(DATA EXCERPTS Opens)

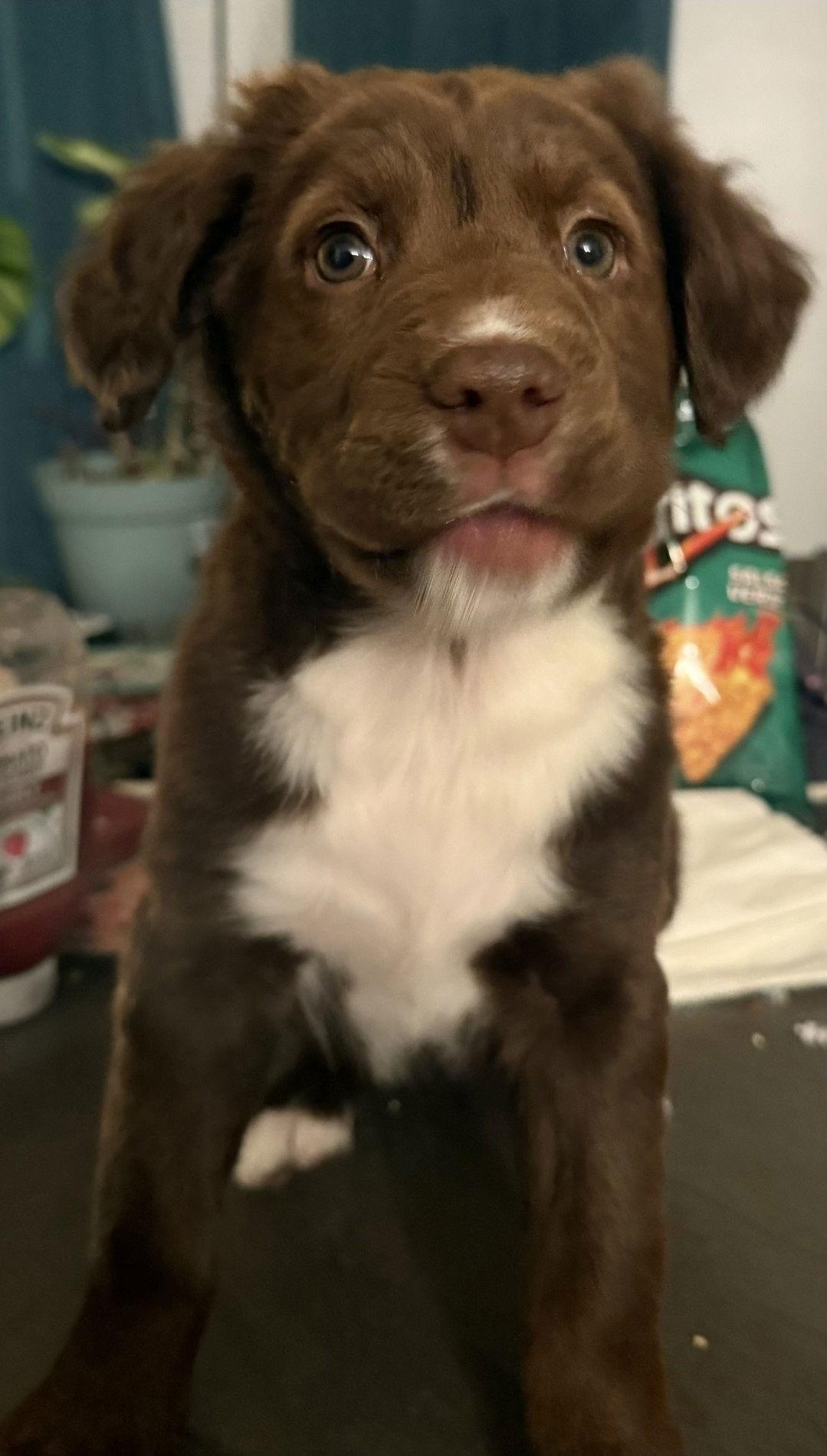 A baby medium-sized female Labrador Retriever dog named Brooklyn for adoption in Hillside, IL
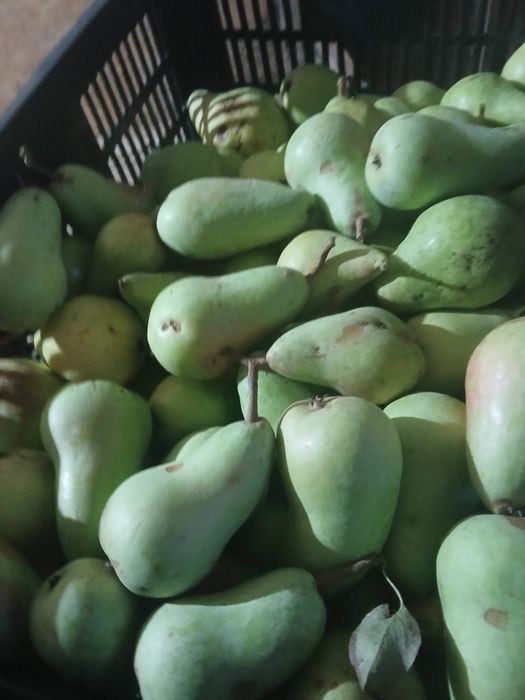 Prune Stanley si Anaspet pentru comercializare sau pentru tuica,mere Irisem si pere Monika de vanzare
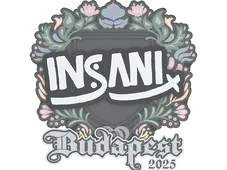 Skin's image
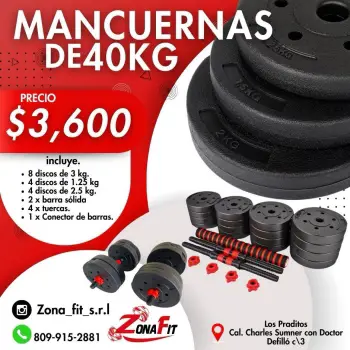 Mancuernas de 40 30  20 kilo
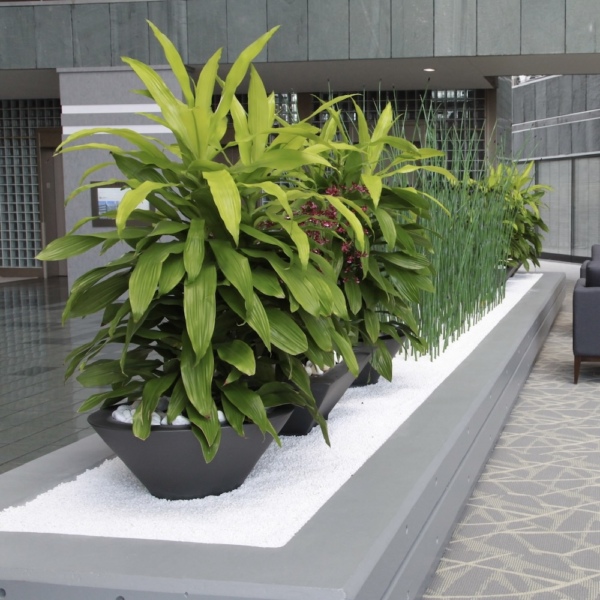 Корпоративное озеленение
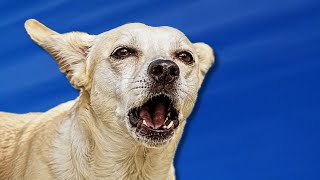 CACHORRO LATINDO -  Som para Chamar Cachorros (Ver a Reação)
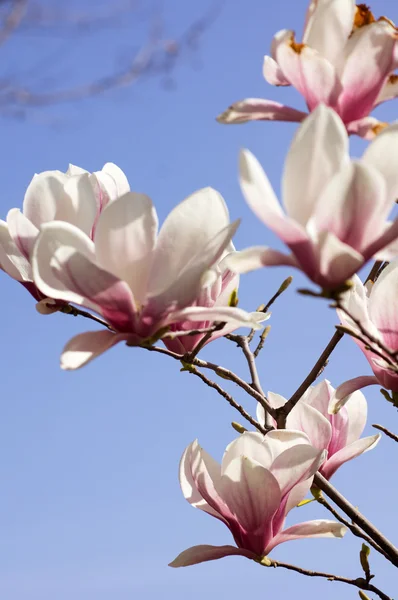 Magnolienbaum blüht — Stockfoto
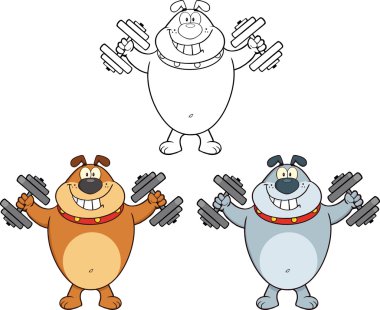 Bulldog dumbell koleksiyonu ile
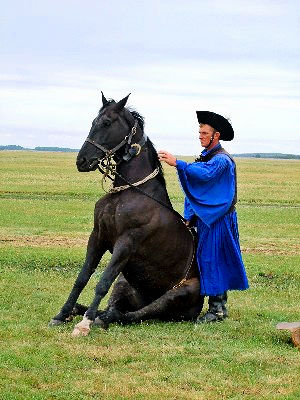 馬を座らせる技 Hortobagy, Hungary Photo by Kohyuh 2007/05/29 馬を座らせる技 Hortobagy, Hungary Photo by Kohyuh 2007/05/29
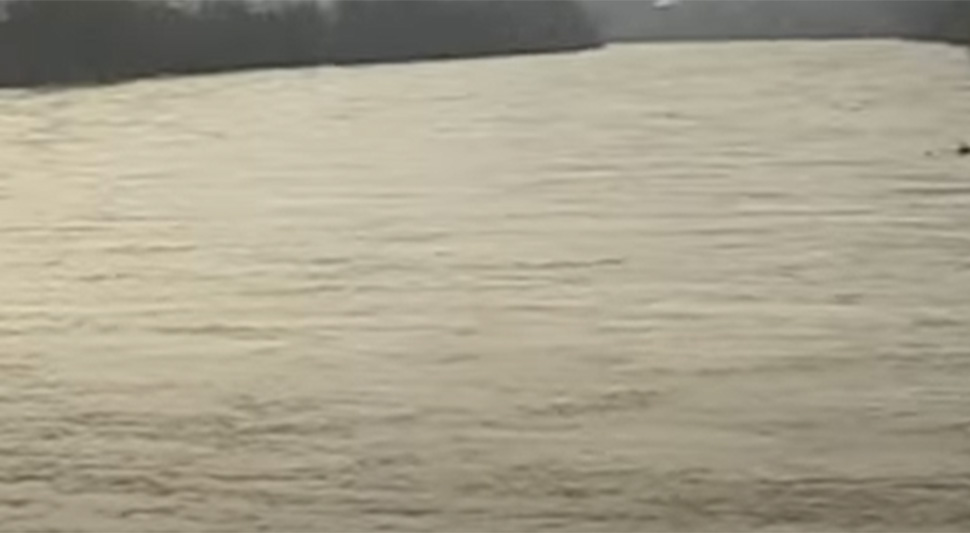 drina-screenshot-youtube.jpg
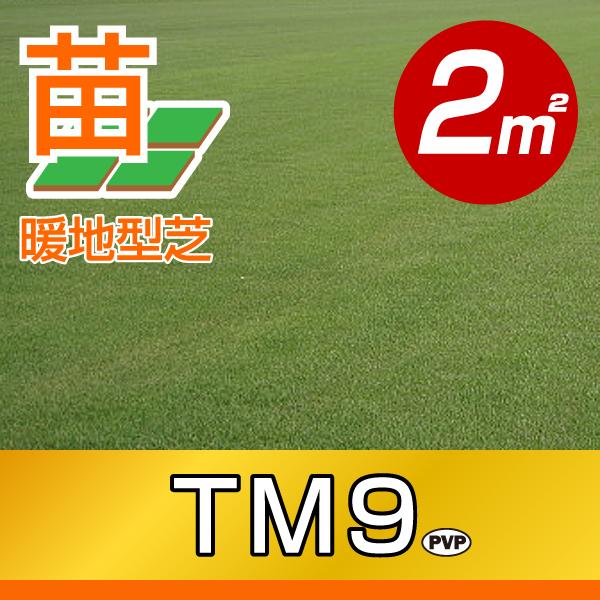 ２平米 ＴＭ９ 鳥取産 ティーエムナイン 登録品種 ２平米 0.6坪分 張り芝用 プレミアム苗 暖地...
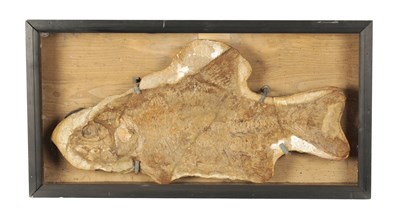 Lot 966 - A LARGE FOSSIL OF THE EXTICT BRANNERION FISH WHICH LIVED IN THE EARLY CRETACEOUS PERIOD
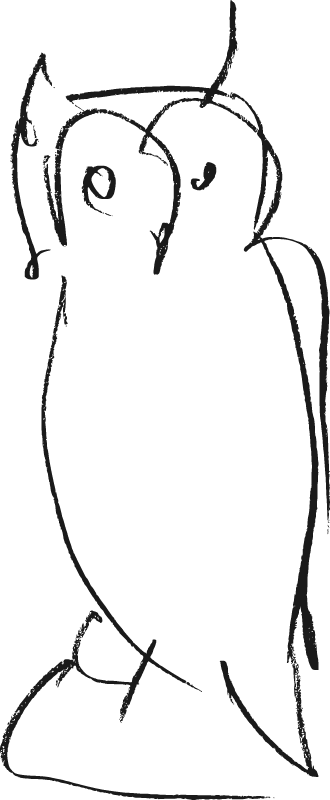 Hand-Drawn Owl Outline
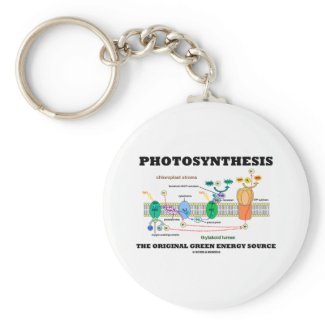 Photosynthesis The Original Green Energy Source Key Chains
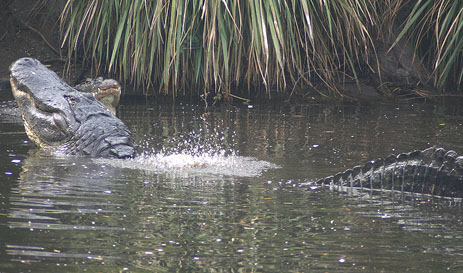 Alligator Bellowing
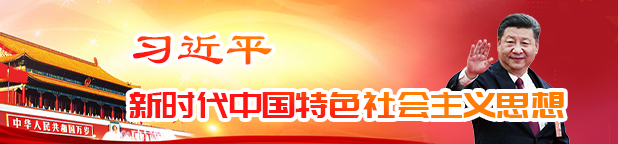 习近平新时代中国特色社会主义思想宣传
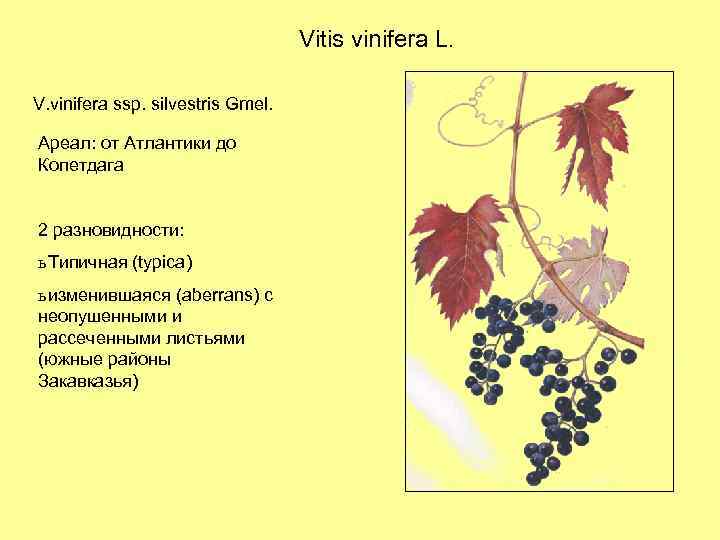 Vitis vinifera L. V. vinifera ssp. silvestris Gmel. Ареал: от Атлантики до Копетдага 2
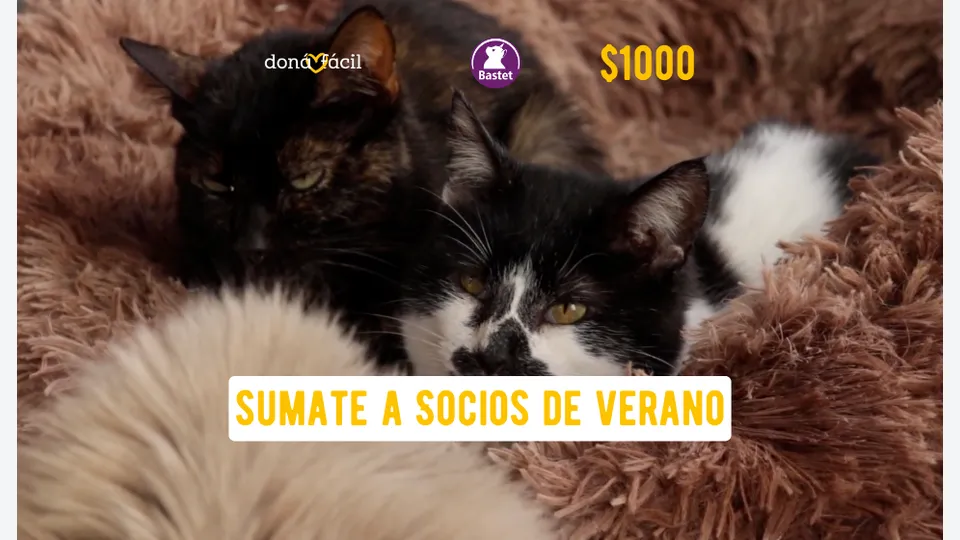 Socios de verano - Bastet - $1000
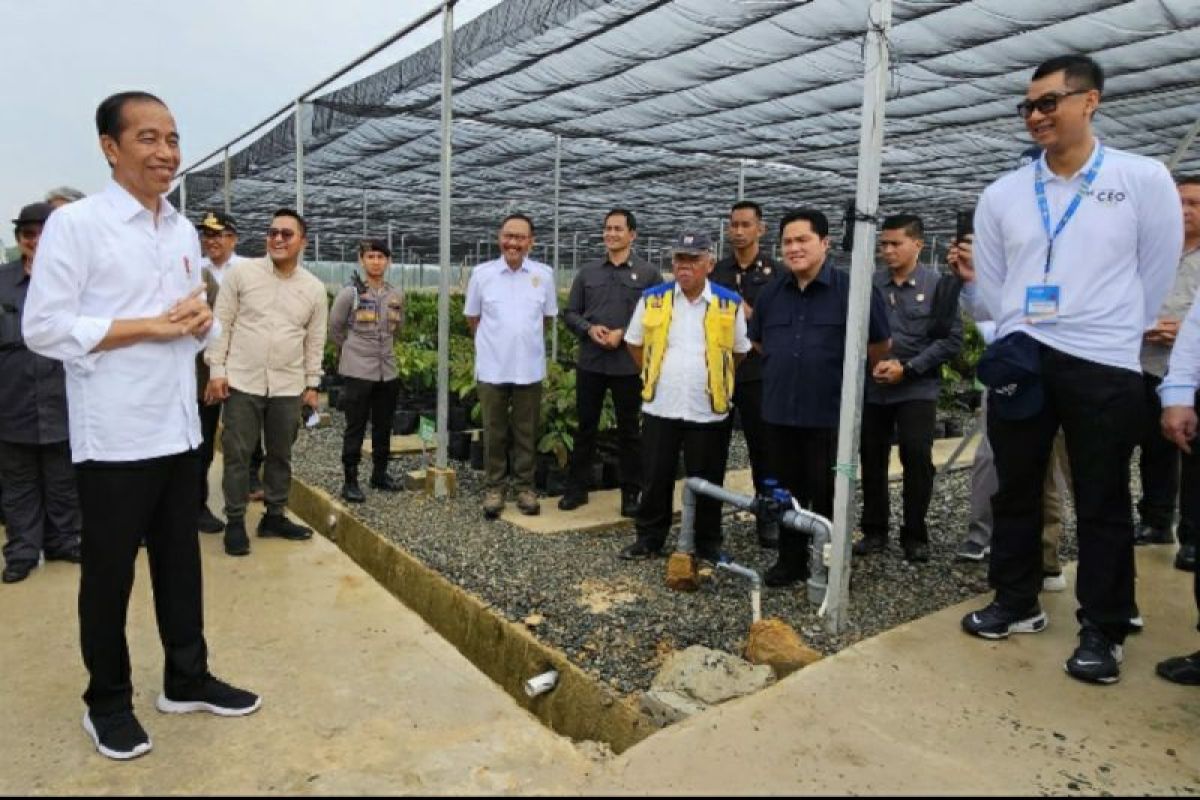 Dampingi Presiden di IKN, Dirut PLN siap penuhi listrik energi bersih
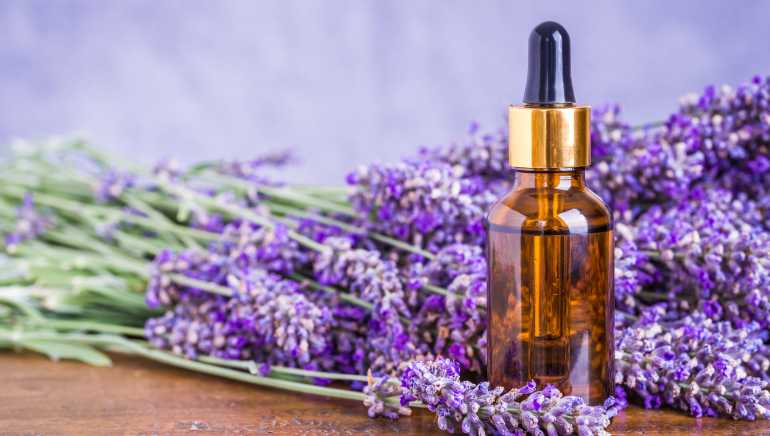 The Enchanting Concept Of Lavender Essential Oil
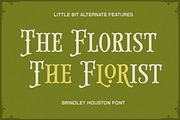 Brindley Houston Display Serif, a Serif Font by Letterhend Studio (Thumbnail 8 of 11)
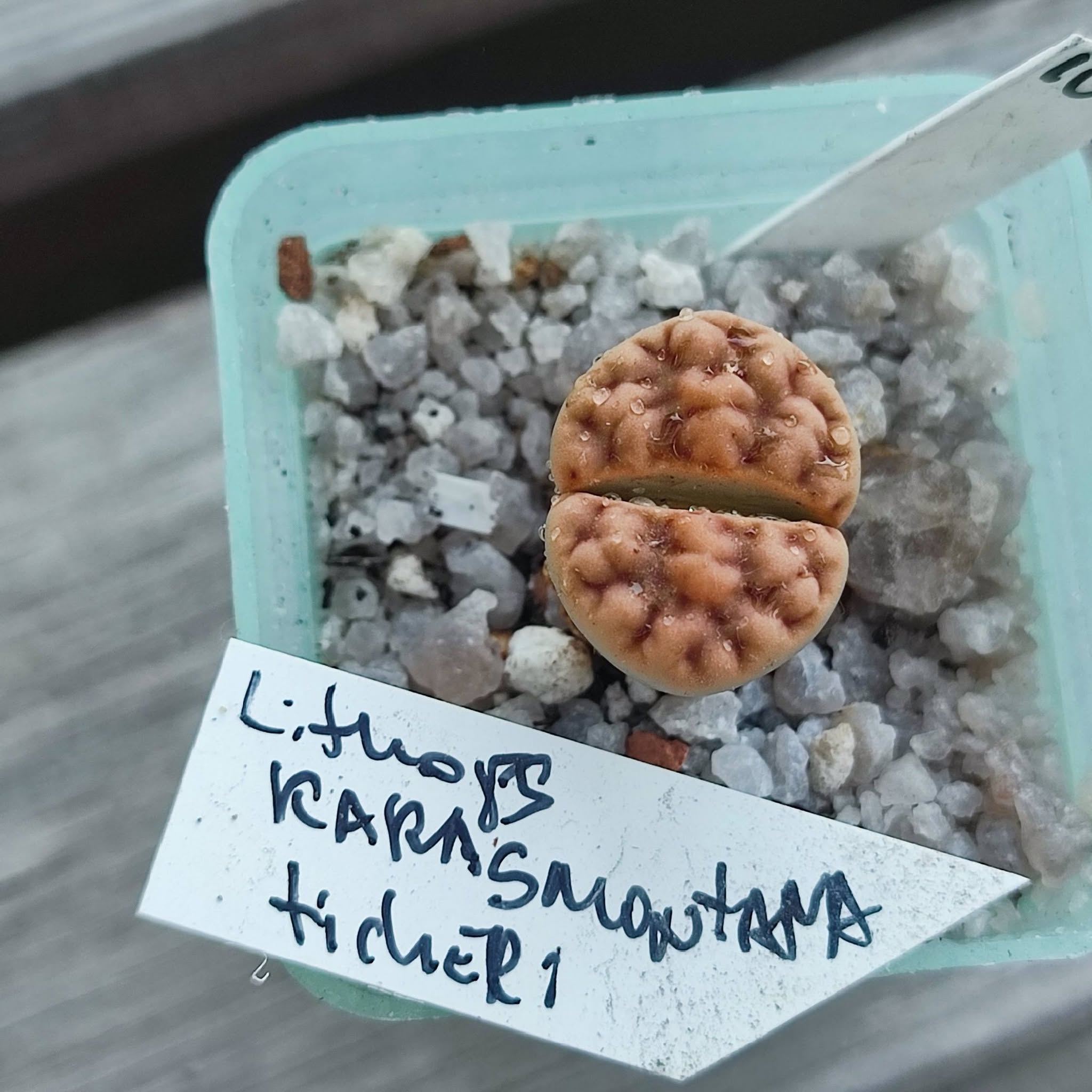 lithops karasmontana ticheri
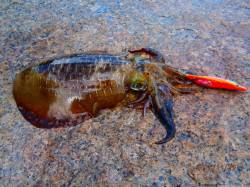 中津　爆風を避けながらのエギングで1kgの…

(DATA EXCERPTS Closes)

The full set of entries should be transcribed exactly, pictures left aside.

> **EXERCISE OUTPUT**
 A baby medium-sized female Labrador Retriever dog named Brooklyn for adoption in Hillside, IL
 Prune Stanley si Anaspet pentru comercializare sau pentru tuica,mere Irisem si pere Monika de vanzare
 Skin's image
 Mancuernas de 40 30  20 kilo
 Корпоративное озеленение
 CACHORRO LATINDO -  Som para Chamar Cachorros (Ver a Reação)
 Magnolienbaum blüht — Stockfoto
 Bulldog dumbell koleksiyonu ile
 馬を座らせる技 Hortobagy, Hungary Photo by Kohyuh 2007/05/29 馬を座らせる技 Hortobagy, Hungary Photo by Kohyuh 2007/05/29
 drina-screenshot-youtube.jpg
 ２平米 ＴＭ９ 鳥取産 ティーエムナイン 登録品種 ２平米 0.6坪分 張り芝用 プレミアム苗 暖地...
 Lot 966 - A LARGE FOSSIL OF THE EXTICT BRANNERION FISH WHICH LIVED IN THE EARLY CRETACEOUS PERIOD
 Hand-Drawn Owl Outline
 Photosynthesis The Original Green Energy Source Key Chains
 Alligator Bellowing
 习近平新时代中国特色社会主义思想宣传
 Vitis vinifera L. V. vinifera ssp. silvestris Gmel. Ареал: от Атлантики до Копетдага 2
 Socios de verano - Bastet - $1000
 Dampingi Presiden di IKN, Dirut PLN siap penuhi listrik energi bersih
 The Enchanting Concept Of Lavender Essential Oil
 Brindley Houston Display Serif, a Serif Font by Letterhend Studio (Thumbnail 8 of 11)
 lithops karasmontana ticheri
 中津　爆風を避けながらのエギングで1kgの…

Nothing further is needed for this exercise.